Japan approves end to ban on military fighting overseas in victory for Shinzo Abe
The reinterpretation of the constitution is seen by many as a shift away from post-war pacifism
Tokyo yesterday lifted a 60-year-old ban that has kept its armed forces from fighting abroad.
It was a move seen by many as the biggest shift away from pacifism since the end of the second world war and a victory for Prime Minister Shinzo Abe as he strives to make Japan a "normal country" again.
The decision to reinterpret the constitution is likely to irritate Japan's neighbours and further divide North Asia. But it will garner support from countries in Southeast Asia seeking an alternative counterbalance - in addition to the United States - to an increasingly assertive China, analysts say.
Watch: Japan expands scope of military despite public anger
The resolution passed by the Japanese cabinet permits the use of a minimum amount of force to defend another country under attack if that nation has close ties with Japan. That right may only be exercised if the attack poses a threat to Japan's existence and if there is no other way of protecting Japanese people.

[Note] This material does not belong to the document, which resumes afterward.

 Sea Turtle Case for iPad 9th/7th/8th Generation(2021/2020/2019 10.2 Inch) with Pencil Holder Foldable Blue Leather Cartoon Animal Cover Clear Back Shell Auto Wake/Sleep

Beijing was quick to respond, saying Tokyo should refrain from undermining regional peace and stability as well as China's sovereignty and security interests.
"For a long time, the Japanese government has been stirring up trouble on historical issues," Foreign ministry spokesman Hong Lei told a regular press briefing.
"It's only natural for us to wonder if Japan is going to change its path of peaceful development that it has been long pursuing after the [second] world war."
China and South Korea have also been angered by the revisionist views of Abe and his close associates concerning Japan's second world war atrocities. Leaders from both countries have refused to hold bilateral summits with Abe since he returned to power in December 2012.
Lin Xiaoguang, an international relations expert at the Communist Party's Central Party School, said China was likely to step up its propaganda against Japan about wartime history in response.
"Historical documents containing details of Japanese behaviour during the second world war may be released," Lin said.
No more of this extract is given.